Coming back to the fore, I would’ve appreciated it if you considered yourself one of the very special people in my lives. Our proximity to each other yelled out the same. But, when you betrayed me at times, (which is largely understandable now if I consider you as a part of the crowd. But disheartening, if I consider you as a friend), I got away with your explanation that was grossly made-up (only because I was blind). Why else was I not able to explain your follies to others who aren’t close to you that well? They’re experienced creatures I must tell you.

I remember you gave me hints that you didn’t consider anyone a friend. But, I’m sorry I ignored them when I saw how gracious you can be to me (Yes, thanks a lot for that beautiful farewell at your house. It shall remain one of the most endearing moments of my life) but now, I feel let down. Having invested so much of affection in you, I couldn’t bear to “move on” when you requested. But, I did.
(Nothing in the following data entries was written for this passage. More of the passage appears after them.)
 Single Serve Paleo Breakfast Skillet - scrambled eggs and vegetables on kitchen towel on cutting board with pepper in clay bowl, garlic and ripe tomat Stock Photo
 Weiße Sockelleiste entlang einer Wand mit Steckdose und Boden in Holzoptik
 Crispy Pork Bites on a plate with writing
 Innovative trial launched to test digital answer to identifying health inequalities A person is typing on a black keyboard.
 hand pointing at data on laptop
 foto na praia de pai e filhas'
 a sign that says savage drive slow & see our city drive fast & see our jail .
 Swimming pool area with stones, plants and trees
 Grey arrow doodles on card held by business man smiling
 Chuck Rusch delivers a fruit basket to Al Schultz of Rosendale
And, I experienced the lack of restraint and lovely freedom you used to talk about.

Talking about my habit of moping about stuff, I can honestly say that with a hand on my heart, that no one except you knows me like that. You were so (or maybe you acted) sympathetic to me that it became a hard-to-quit habit. I’m Angelina Jolie. Does that make me her? Similarly, calling myself a loser once doesn’t make me one. I’m a winner. I’ll do what my heart desires as soon as I become independent. You can’t contradict that. Because, you have no right to hurt my self-esteem. Even if I’m blind.
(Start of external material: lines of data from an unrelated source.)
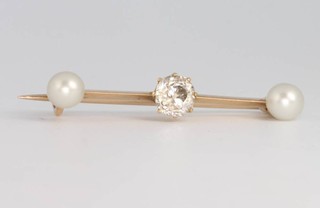 A yellow gold brilliant cut diamond and pearl bar brooch, the centre diamond approx 0.5ct, 32mm 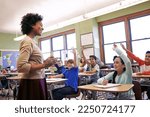 Small photo of School, teacher and children raise their hands to ask or answer an academic question for learning. Diversity, education and primary school kids speaking to their woman educator in the classroom.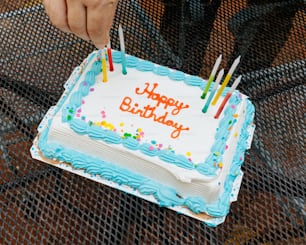 Una persona sosteniendo un pastel de cumpleaños con velas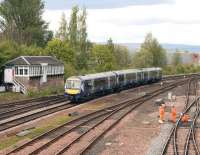 The 14.28 Dunblane - Edinburgh Waverley approaching Stirling on 9 May 2012 past Stirling North signal box. <br><br>[John Furnevel 09/05/2012]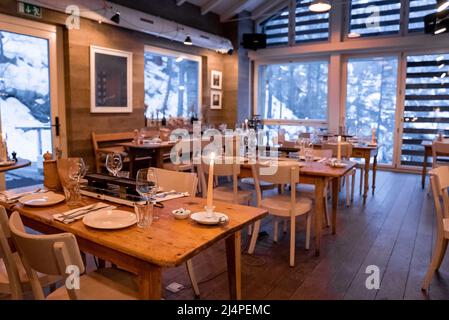 Brennende Kerzen auf den Esstischen im beleuchteten Restaurant des luxuriösen Resorts Stockfoto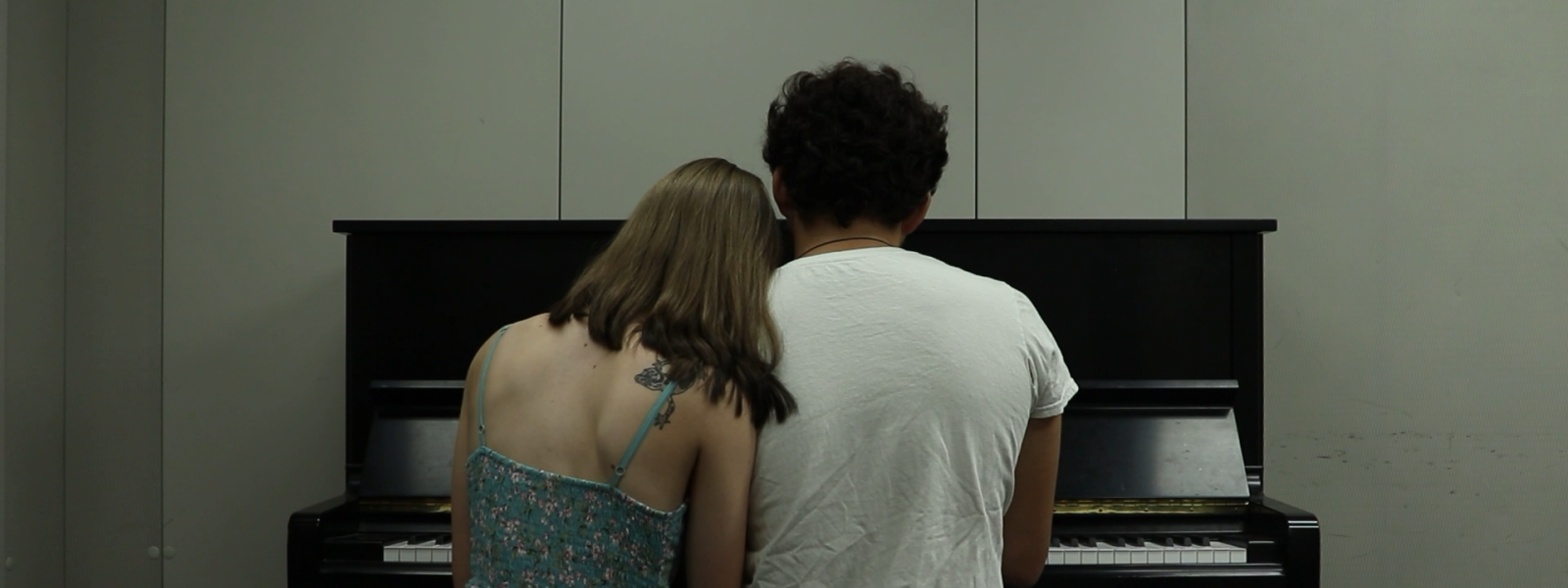 man and woman sitting together on a piano bench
You wanted me to move on. When I did, you retaliated. I can’t understand the mixed signals you give me. You want to lurch in the crowd instead of staying by my side, go ahead. I don’t mind that now. You have always inspired me. And this time, you’ve enthused in me the spirit to budge on. I could’ve never taken this bold step, ever. Nor could I write, all that I did in my previous blog, had you not shaped me that well. I stole that from you. Thank you!

Finally, let me assure you that how acrimoniously we may have ended, you’ll always be held in high esteem in my eyes (for a few reasons, I got hurt. But like you, I don’t believe in grudges. I just spew venom in the face and leave.). You shall be regarded as my best friend and guru forever (even if you don’t like the tag, like always.) Do you ever remember if I had talked bitter about anyone from my previous life ? (Excluding physical appearance, please. I talk about my figure with a greater disdain!) I’ve had spats with my old best friends but even then, I can’t help but call them the best people ever in my lives without letting anyone know that they’re far-far away from me. (A secret:They return. My fingers are crossed for another return but I’ll be happy to be away for some time now.)

It was nice being with you.
It could have been nicer.

Love,
Fifty per center.

1 comment:

  1. Kamna... Each and Every Article is so well written that i can actually feel the emotions you wrote them with... Your each and every word brought that expression out of my heart on my face as you might have had while writing that...

    I'm asking you a very personal question which you might not like to answer me but still since we were 'friends' I thought I might get an answer... "Who did you write this letter to?"